- **About this task**: Omit the pictures. Transcribe exactly the lines below, from the one with "Georgetown, Penang/Malaysia - Feb" up to and including the last.

(Data supplied)

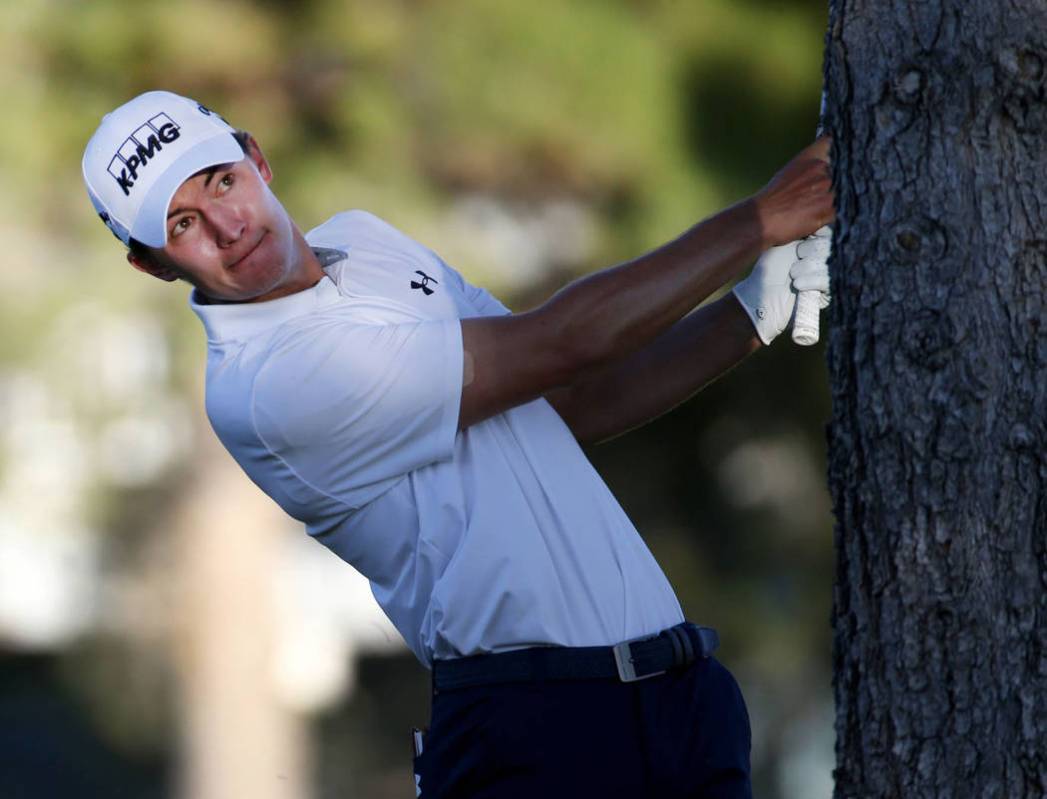 Maverick McNealy of Las Vegas hits from behind a tree on the 16th hole during Shriners Hospital ...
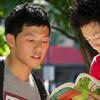 two male students reading a book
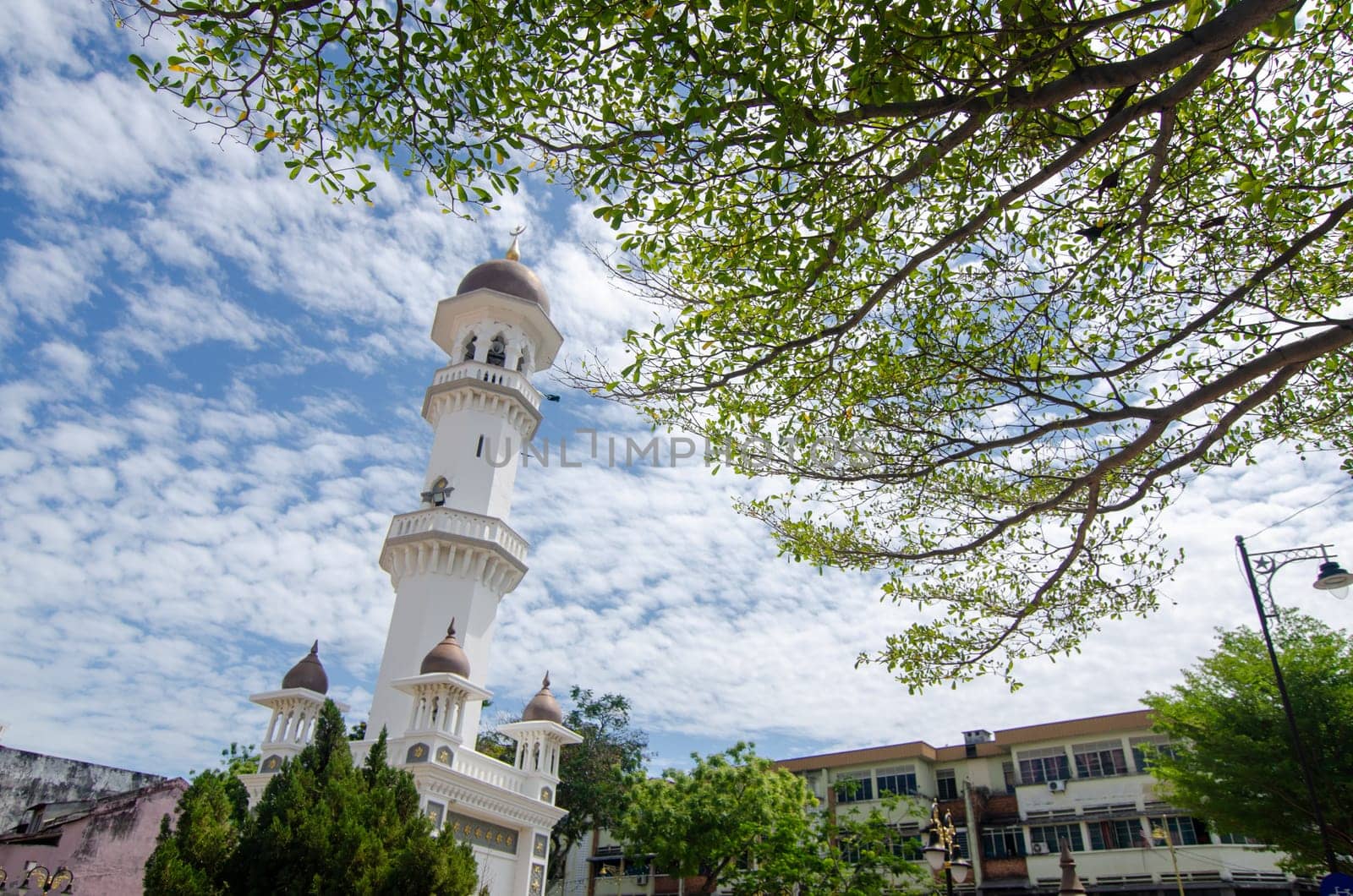 Georgetown, Penang/Malaysia - Feb 14 2020: Minaret Kapitan Keling Mosque with green leaves.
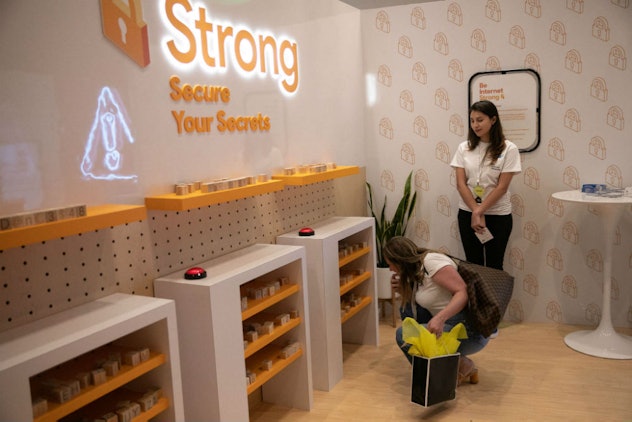 Two mothers walking along a display explaining whether a password is secure or not 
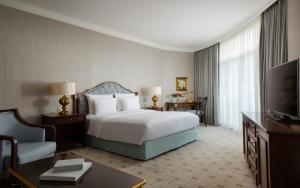 アルマトイにあるリクソス アルマトイ ホテルのベッドとテレビが備わるホテルルームです。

(End Data supplied)

- **Answer to the exercise**:
 Georgetown, Penang/Malaysia - Feb 14 2020: Minaret Kapitan Keling Mosque with green leaves.
 Two mothers walking along a display explaining whether a password is secure or not 
 アルマトイにあるリクソス アルマトイ ホテルのベッドとテレビが備わるホテルルームです。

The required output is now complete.